You will get really really cold:
Before my journey, the wiseass that I am went to the weather app on my phone to check and see what the temperatures will be like to inform me on what to pack. I blinked twice when I saw that Kabale was the same exact temperature as it was in Kampala. I had even gone so far as to unpack some of the heavier jackets I had put in my bag because I figured they were extra, unwanted baggage. Right before I set off, I decided to listen to the warnings from people who had been there before, and I’m glad I did. I saw temperatures ranging from 25 to 7 degrees centigrade from the days to the nights respectively. So my advice, pack something light for when it gets warm, and some heavy duty clothes for when the cold comes to surprise you. This especially applies if you are Ugandan and are accustomed to being in warm weather. So bring your jackets, carry a scarf or two if you are female, and come along with some really warm woolen socks too.
The beauty of your surroundings will overwhelm you:
Right from your drive out, soon after you’ve passed Mbarara, and you start to encounter all of the rolling hills and greenery on the way to Kabale, it might start to dawn on you that you are away from everything you are accustomed to in Kampala.

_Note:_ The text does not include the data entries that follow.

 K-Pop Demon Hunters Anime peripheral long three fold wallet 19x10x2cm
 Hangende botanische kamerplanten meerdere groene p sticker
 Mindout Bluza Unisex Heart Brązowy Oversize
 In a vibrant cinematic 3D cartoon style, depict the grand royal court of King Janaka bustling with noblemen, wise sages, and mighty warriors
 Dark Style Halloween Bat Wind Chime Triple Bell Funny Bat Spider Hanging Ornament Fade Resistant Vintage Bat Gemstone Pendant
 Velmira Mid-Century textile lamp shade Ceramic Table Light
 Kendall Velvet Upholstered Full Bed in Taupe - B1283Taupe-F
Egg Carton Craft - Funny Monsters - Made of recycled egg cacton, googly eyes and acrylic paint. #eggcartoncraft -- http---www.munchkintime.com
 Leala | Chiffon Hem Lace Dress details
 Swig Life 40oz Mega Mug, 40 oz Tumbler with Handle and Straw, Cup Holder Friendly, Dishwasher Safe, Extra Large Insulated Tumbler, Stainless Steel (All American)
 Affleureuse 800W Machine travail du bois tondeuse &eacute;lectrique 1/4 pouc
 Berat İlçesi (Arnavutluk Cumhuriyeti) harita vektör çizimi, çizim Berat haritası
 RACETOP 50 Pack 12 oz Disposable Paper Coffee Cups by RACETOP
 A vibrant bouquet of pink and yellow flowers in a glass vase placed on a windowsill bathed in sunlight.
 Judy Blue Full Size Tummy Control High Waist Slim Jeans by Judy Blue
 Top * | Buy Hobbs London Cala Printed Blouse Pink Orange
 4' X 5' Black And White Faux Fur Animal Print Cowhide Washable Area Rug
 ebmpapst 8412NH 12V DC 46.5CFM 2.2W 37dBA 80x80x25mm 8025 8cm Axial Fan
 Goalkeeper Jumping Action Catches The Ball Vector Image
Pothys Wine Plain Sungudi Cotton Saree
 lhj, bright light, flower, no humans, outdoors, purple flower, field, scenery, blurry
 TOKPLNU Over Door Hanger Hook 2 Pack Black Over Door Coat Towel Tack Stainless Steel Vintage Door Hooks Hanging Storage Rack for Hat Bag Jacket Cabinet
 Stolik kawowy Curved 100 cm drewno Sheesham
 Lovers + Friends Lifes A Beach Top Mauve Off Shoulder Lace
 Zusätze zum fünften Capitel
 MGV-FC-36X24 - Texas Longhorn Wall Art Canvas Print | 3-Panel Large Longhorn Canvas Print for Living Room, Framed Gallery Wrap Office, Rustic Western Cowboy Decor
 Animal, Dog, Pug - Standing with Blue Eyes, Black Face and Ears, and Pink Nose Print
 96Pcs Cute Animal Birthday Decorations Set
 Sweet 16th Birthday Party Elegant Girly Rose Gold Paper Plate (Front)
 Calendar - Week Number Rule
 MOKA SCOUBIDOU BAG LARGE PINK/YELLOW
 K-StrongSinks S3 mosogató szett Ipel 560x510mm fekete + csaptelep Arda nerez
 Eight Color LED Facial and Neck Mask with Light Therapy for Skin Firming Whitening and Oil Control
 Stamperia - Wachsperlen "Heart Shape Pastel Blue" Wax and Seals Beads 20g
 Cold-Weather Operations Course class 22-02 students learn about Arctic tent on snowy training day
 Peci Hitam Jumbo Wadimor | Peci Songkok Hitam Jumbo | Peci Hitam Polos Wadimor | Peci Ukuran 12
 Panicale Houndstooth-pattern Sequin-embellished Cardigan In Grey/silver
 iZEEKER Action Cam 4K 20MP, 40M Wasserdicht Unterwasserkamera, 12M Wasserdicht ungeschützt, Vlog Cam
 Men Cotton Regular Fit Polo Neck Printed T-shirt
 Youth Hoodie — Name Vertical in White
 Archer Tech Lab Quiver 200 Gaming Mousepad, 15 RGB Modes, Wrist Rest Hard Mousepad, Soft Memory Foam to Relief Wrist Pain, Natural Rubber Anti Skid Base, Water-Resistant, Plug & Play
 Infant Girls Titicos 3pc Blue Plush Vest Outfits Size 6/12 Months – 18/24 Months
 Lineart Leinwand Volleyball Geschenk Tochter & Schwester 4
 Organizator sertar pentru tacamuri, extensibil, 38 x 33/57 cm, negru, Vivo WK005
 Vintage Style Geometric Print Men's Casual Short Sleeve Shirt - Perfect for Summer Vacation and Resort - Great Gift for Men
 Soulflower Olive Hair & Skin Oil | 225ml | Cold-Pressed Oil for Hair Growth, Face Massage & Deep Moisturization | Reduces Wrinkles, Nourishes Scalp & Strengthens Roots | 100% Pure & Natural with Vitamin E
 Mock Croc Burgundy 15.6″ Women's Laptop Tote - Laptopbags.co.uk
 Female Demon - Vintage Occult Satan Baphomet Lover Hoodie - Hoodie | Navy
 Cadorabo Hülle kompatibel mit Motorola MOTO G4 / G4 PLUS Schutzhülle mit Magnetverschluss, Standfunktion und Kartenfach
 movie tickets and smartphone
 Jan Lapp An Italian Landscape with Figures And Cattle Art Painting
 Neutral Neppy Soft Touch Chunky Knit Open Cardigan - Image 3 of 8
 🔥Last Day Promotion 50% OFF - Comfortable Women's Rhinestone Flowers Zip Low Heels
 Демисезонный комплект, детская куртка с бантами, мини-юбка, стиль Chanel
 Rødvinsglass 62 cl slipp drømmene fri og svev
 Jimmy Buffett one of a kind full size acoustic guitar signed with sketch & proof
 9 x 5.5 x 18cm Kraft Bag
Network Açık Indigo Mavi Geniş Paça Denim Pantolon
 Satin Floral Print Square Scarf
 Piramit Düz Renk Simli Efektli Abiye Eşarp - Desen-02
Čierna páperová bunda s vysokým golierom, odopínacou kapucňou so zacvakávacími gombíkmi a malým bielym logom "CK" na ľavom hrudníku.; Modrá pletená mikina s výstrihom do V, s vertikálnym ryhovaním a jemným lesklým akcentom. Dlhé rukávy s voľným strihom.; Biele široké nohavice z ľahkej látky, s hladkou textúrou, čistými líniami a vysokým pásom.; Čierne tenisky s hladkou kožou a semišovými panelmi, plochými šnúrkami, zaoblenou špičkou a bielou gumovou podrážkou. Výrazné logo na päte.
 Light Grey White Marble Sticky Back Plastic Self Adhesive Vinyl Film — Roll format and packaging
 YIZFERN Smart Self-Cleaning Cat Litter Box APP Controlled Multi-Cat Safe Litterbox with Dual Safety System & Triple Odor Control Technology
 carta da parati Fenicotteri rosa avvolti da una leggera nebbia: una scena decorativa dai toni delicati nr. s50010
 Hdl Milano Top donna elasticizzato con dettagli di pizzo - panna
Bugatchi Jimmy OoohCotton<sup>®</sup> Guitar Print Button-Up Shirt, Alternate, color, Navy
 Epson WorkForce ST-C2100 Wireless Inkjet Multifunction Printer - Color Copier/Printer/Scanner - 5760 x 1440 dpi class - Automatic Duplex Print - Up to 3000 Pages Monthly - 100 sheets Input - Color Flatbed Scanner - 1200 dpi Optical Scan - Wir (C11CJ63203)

Because of all the curves in the road and the fact that you are driving to a higher altitude, you might get freaked out with worrying that your car might tip over and throw you into a valley – but chances are it won’t. Also because you are so high up you might experience your ears popping; be ready for it.
Your choice of accommodation will make or break your trip:
True story. Do not try and skimp on where you will stay. Stay somewhere where you will have full view of Lake Bunyonyi (the same lake that features in Wakanda in Black Panter). I do not know about you but views are everything to me. Things like hot freshly made and really tasty meals, being assured of hot water, wooden floors to curb some of the cold, board games in the hotel lobby and rooms to keep you busy, and books to read in the lobby should you need to. Not to mention friendly and extremely attentive staff. I would, and probably will always recommend Arcadia Lodges if you are looking for accommodation.
There is so much to see and do:
Waking up to Lake Bunyonyi, watching the mist rise from it in the morning and seeing the sun set on it is quite literally a dream. Arcadia can arrange to take you on a boat ride on the lake where you’ll have a vantage point of the hills surrounding you. There is an island that has Zebra’s and Kobs and this is one of the pit stops. It was such a nice surprise for me to see these animals. You will get to see and ride right by Punishment Island (an island where women in the area were left to die if they got pregnant before they were married) read the whole story here. Arcadia will also arrange to take you zip lining with Supreme Adventure Park if that is your kind of thing. I actually zip lined, but had to keep my camera away because it was raining. You can catch some of my trips highlights on our Instagram highlights under the Travel section.
Overall, it was an amazing trip. I would give a lot to unplug and get back to living away from the reality of my everyday life, but everything in small portions right?
Ask any questions you may have in the comments section below, and I’ll answer them. Let me know your experience if you’ve been to Kabale before. Is there anything you think is a must see for the next time I visit?
PS: now I know why Bakiga are so proud of their roots.